Art house distributor Sponge House sees lower-budget alternative cinema as a potential solution to the current malaise. "We're trying to make a new style of Korean films," says Eugene Song, international business manager at Sponge. "We're trying to find good theater locations that will show our movies and expand the market."

Korean filmmakers' characteristically poor relationship with exhibitors isn't making things any easier. Foreign films typically split revenue with movie theaters 60/40, while most Korean productions divide revenue 50/50 -- a holdover of a business tradition from back when homegrown films performed miserably at the boxoffice and producers needed every advantage they could find to get theaters to screen their films.

For years now, Korean films have outperformed Hollywood product, turning the unequal boxoffice split into an anachronism. But movie theater owners (and their powerful corporate parents) are opposed to changing the current system if it means less money in their pockets.

South Korea's major multiplex chains all belong to large entertainment conglomerates -- CJ CGV is part of CJ Entertainment, Megabox is part of Mediaplex, and Lotte Cinema (and Lotte Entertainment) are part of Lotte Group.

It's the ancillary markets, however, that are suffering the most. Whereas home video sales can amount to 250% of revenue in the U.S. or even 300% in Japan, Korean films typically pull in just a few hundred thousand dollars.

Even "The Host" -- the most successful Korean movie of all time, with more than 13 million admissions -- is expected by its producers to sell about 30,000 DVDs. That works out to about $700,000 from home entertainment on a film that made about $90 million at the boxoffice.

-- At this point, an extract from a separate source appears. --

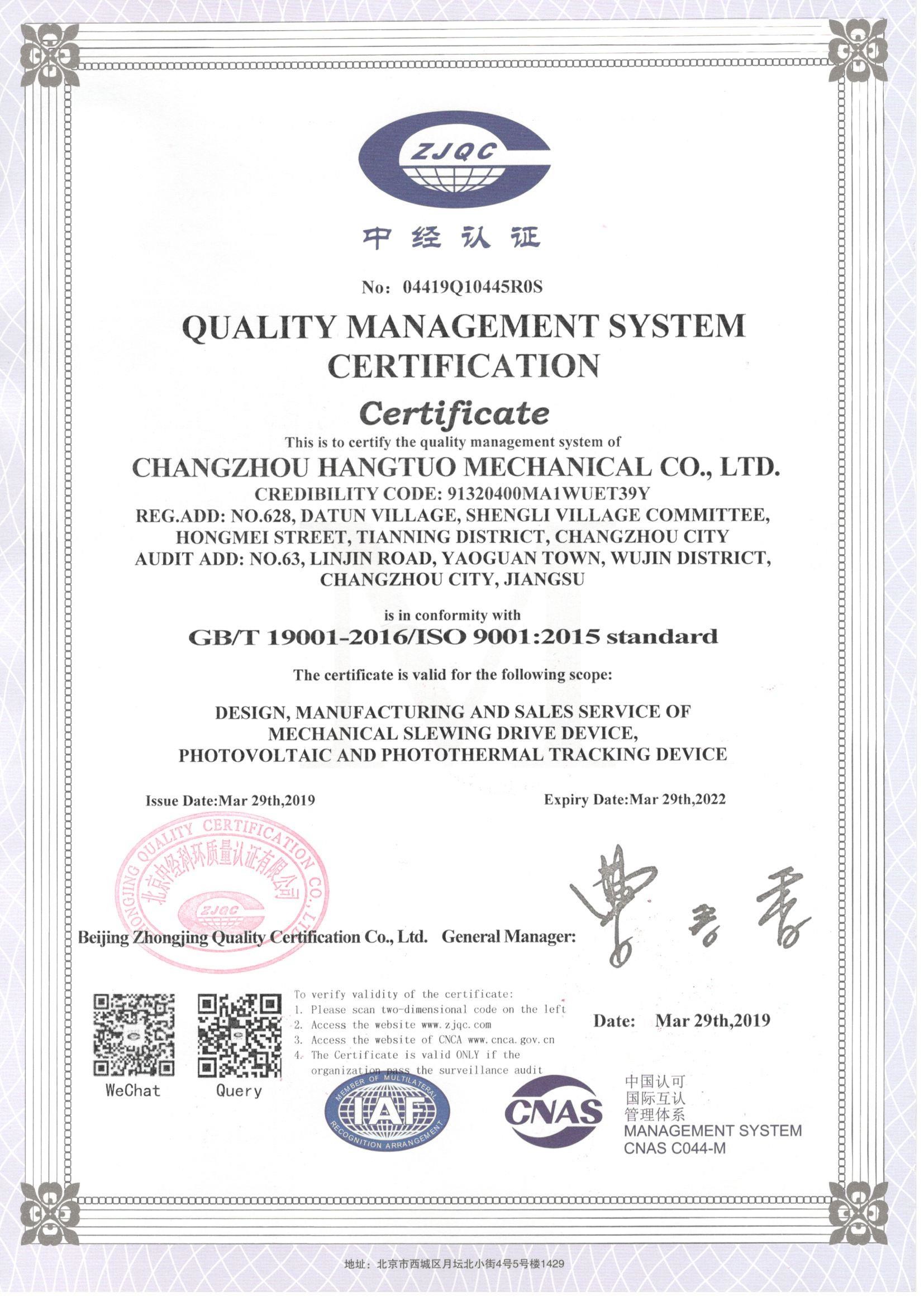 Changzhou Hangtuo Mechanical Co., Ltd Certifications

"That's the difficult question (facing) the film industry," says Jeong Tae-sung, COO of Showbox Inc., one of South Korea's largest distributors and the same company that released "Host." "The ancillary revenue problem has been growing, but until now the difference was made up by foreign sales and general market growth. It is time to do something about it now."

Most insiders agree that doing something won't be easy when Korea's online and physical piracy continues largely unchecked. Pirated DVDs fill Seoul's subway stations, and dozens of Internet sites offer high-quality downloads and streams for mere pennies. Prosecuting violators is a difficult, time-consuming business.

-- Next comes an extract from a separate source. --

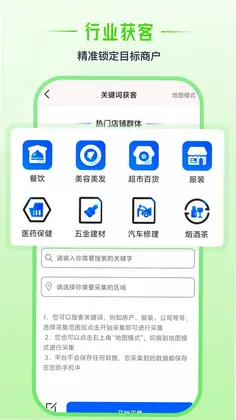 群发盒子预览图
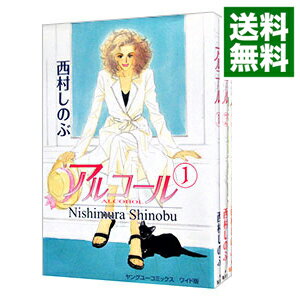 【中古】アルコール　＜全3巻セット＞ / 西村しのぶ（コミックセット）のサムネイル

"The (South) Korean government sacrificed content owners for the (Internet technology) business," Dyne's Kim says. "They were so concerned with developing technology, but they were not so concerned with protecting the content for that technology."

Despite the movie industry's complaints, the government has done little to correct the problem. The fact remains that if the Korean home video market were even a little stronger, many more films would be profitable.

A few in the industry are finding a way to remain positive in the face of such overwhelming challenges, saying that the film business is cyclical and that for every downturn, there's a spike in profits down the line.

They also point to an increase in the overall number of films released in South Korea as a positive change. Between 2000 and 2004, an average of just 67 films were released each year. That number grew to 83 in 2005 and 108 in 2006.

"Because gross revenue for Korean films increased in 2006, I don't think it is really a crisis for the Korean movie industry," observes Ko Jeong-min, a senior researcher at the Samsung Economic Research Institute. "There were too many movies made, though, decreasing their average revenue."

"I think it is time to take a little break, to concentrate on sorting the system out," Showbox's Jeong adds. "The same number of films are breaking even as in years past, but the problem this year was too many productions."

The big question is how long the Korean film industry can hold out while making the large structural changes it needs in order to mature. "Imports might affect the market a little, but Korean customers are used to Korean movies," Ko says. "They'll continue to prefer Korean movies to Hollywood."

Others, like Kim, are not so sure: "Once we lose our grip, I just don't know."